[Openmcl-devel] Plans for Unicode support within OpenMCL?

Tue Mar 21 05:02:59 PST 2006

On Tue, 21 Mar 2006, Takehiko Abe wrote:

> Gary Byers wrote:
>
>> "Plans" in the sense of "general agreement that it'd be good and
> necessary and
>> should really be done someday, and some thoughts about how to do it" : yes.
>>
>> "Plans" in the sense of "concrete effort, funded or voluntary" : sadly no.
>>
>> There are certainly some technical and design issues to be resolved;
>> there was some discussion of those issues here a couple of years ago:
>
> I used to think that characters should be implemented with unicode
> direct codepoints. I've changed my mind since and now believe
> that having base-string with latin-1 and extended-string with
> UTF-16 is good enough for dealing with unicode. We (ok i am not sure
> who we are) can add UTF-32 string later in case UTF-16 string turns
> out to be inadequate.

I'd be more willing to agree as long as we (whoever we are ...) are
talking about a large and useful subset of UTF-16.
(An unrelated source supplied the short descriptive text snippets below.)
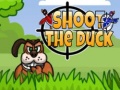 Žaidimas Shoot the Duck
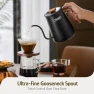 Thumbnail Gooseneck Electric Kettle — Electric Kettle, Hazel Quinn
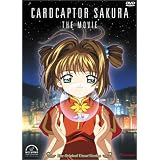 Cardcaptor Sakura - The Movie ~ Sakura Tange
The argument (my argument, at least) against representing strings
internally in an encoded format has to do with cases where you're
not doing I/O with them.  Suppose (since it's easier to show in
an example) that strings were encoded in UTF-8, and you had a
string containing a mixture of Hebrew "aleph" characters and Latin
"a" characters UTF-8-encoded as a series of octets in a string S:

#xd7 #x90 #x97 #xd7 #x90 #x97 #x97 #xd7 #x90 #xd7 #x90

What's (SCHAR S 3) ?  (Certainly an answerable question, but it's
                        not generally answerable in O(1) time unless
                        we maintain some auxiliary information.)

What's (LENGTH S)  ?  (Answerable in O(1) time if we're willing to
                        maintain both a logical length in elements
                        and a physical length in octets/byte; devolves
                        to O(n) otherwise.)

If we do something like (DOTIMES (I (LENGTH S))
                           (SETF (SCHAR S I) aleph))

we probably have to allocate more memory for the octets (we might
need to do this if we changed a single "a" to an aleph.)  Even if
we do something that reduces the number of octets (changing an
aleph to an "a", we either have to shuffle things around or maintain
some data structure that tells us which octets start characters, and
we're generally finding that SIMPLE-STRINGs aren't so simple anymore.

>
> If having multiple string types is not desirable, I think UTF-16
> string is a good compromise. The 4-fold increase of string size
> is too much.
>

Using a fixed (rather than variable) number of octets per character
therefore seems highly desirable.  Using one octet per character (as
OpenMCL currently does) is fine as far as it goes, but it doesn't
go very far.  Using two octets would allow most (almost all, IIRC)
characters in most (almost all, IIRC) widely-used languages to be
directly represented.  (As I understand it, some subset of the
16-bit space is used in UTF-16 encoding to represent variable-length
encodings, but the fixed-length subset of that space is still very,
very useful.)  I don't know whether the Unicode code points that
can't be encoded in 16 bits are "interesting" enough to justify
what'd probably be a 4x increase in string size, and I don't know
exactly how to evaluate that (the answer may depend on who you ask
and on what languages are important to them.)

> Unicode has combining characters and covers lots of scripts/writing
> systems. Handling them is inherently hard and having characters
> with unicode direct codepoints does not make it easier much, imo.

Note that even ASCII has "control characters" which are often only
recognized by old (sometimes obsolete) serial communications equipment;
I'm not sure that saying that a Unicode combining character is a
character with a unique CHAR-CODE is any different from saying that
DC2 (CODE-CHAR 17) is.

I agree that supporting lots of different scripts and writing systems
is hard, but I think that's orthogonal to the question of how things
are represented internally. I believe that having a single type of
CHARACTER (not having such a thing as EXTENDED-CHAR, having all
SIMPLE-STRINGs be SIMPLE-BASE-STRINGs) also has advantages (I believe
this both from an implementor's and a user's point of view), but
that's also orthogonal to all of the issues that come up when dealing
with the outside world.

>
>
> T.
>
>
>